What Does It Mean When a Cat Nibbles on Your Head?

He just wants to you to know he's glad you're his.
He just wants to you to know he's glad you're his. (Image: Brand X Pictures/Brand X Pictures/Getty Images)

While you're laying your head back on the sofa, Scruffy comes over and starts nibbling your head. He may even lick your hair. This behavior might seem odd to you, but he’s just doing what’s natural for him. After all, you’re one of his family members. He treats you the same as he treats his feline crew.

Showing Affection

When you want to show your furry pal some love, you probably just pick him up, kiss his forehead then pet him until he falls into a slumber or wanders off. Scruffy adores you and wants to show you exactly how much you mean to him, too. When Scruffy gently bites or nibbles your head, he’s showing you affection. Think of the subtle biting as little kitty kisses. He can’t pucker up his lips and kiss you, so nibbling is his alternative. While nibbling on your forehead, he’ll also purr like a lion and stick his rear end up high, and perhaps arch his back. A tail straight up in the air says he’s delighted to greet you.

Grooming You

Cats spend about half of their waking hours grooming, the ASPCA says. They'll groom not only themselves but other members of the family nest, including you.
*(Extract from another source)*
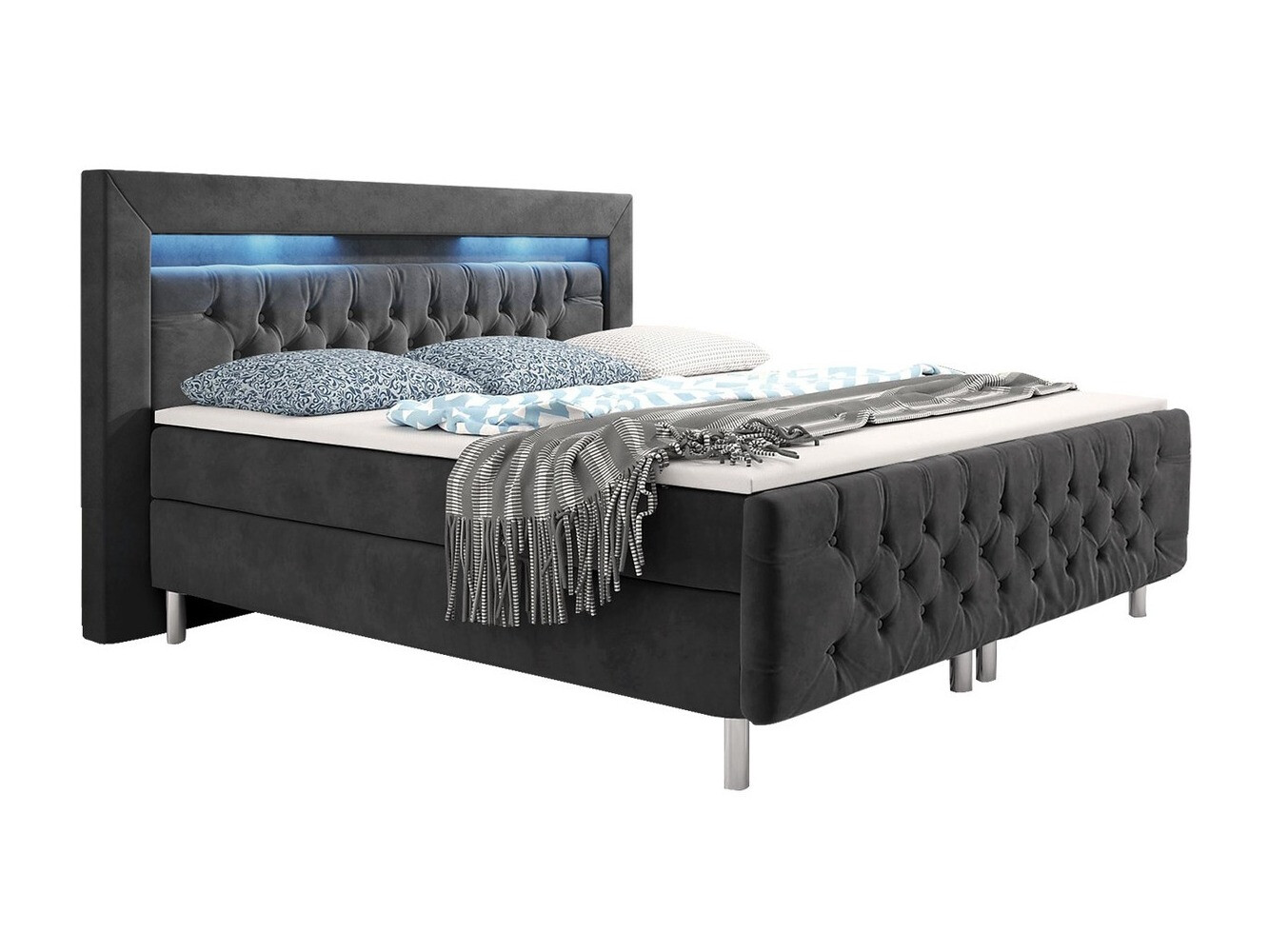 Boxspring Nashville 125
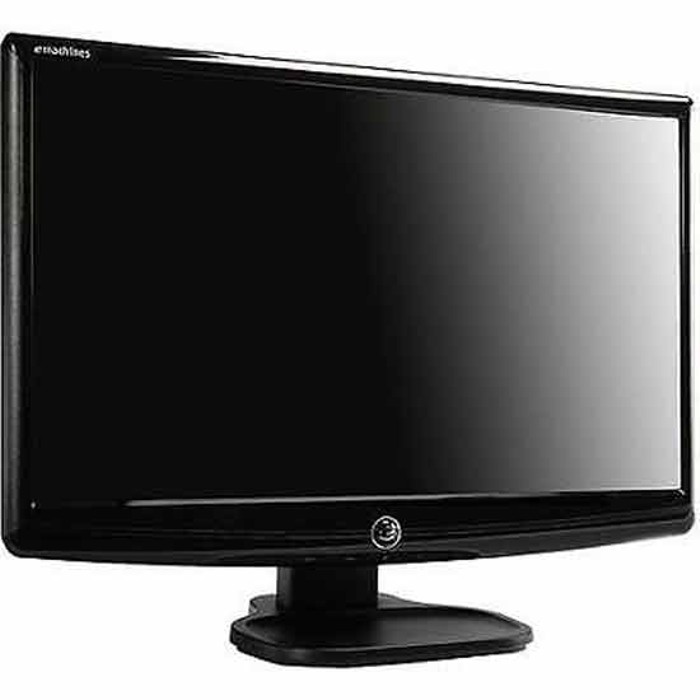 eMachine E202HL Black 20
When Scruffy settles in next to your head and nibbles you, he's just grooming you and getting rid of any debris that might be tucked away next to your scalp. Just pat him on the head as a "thank you" for cleaning you up.

Claiming You

Scruffy isn’t just showing you affection, though; he also has a secret agenda. Cats have scent glands under their whiskers, up on their foreheads and along the gum line, among other areas. When Scruffy nibbles on your head, he’s putting his scent on you. This way when you leave the house, all the cats you come across will know you already have a feline companion and they need to back off. Even when you leave your cat's territory, you're still his territory.

When to Stop It

Nibbling and gentle bites shouldn’t be painful. If Scruffy bites hard enough to make a mark or if he draws blood, he’s being aggressive. To discourage such behavior you must consistently leave him alone immediately each time it occurs. When his tail starts twitching from side to side or he points his ears back, he’s letting you know he’s either stimulated enough to bite you -- possibly too hard -- or agitated enough to attack. He might stop purring while his pupils fully dilate. Don’t reach over and pick him up at this point, since he may be ready to act on his emotions. Instead, do your best to just get up and walk away. Let Scruffy take a breather by himself for a while. When he wants attention again, he’ll wander back over and start nibbling on you once more.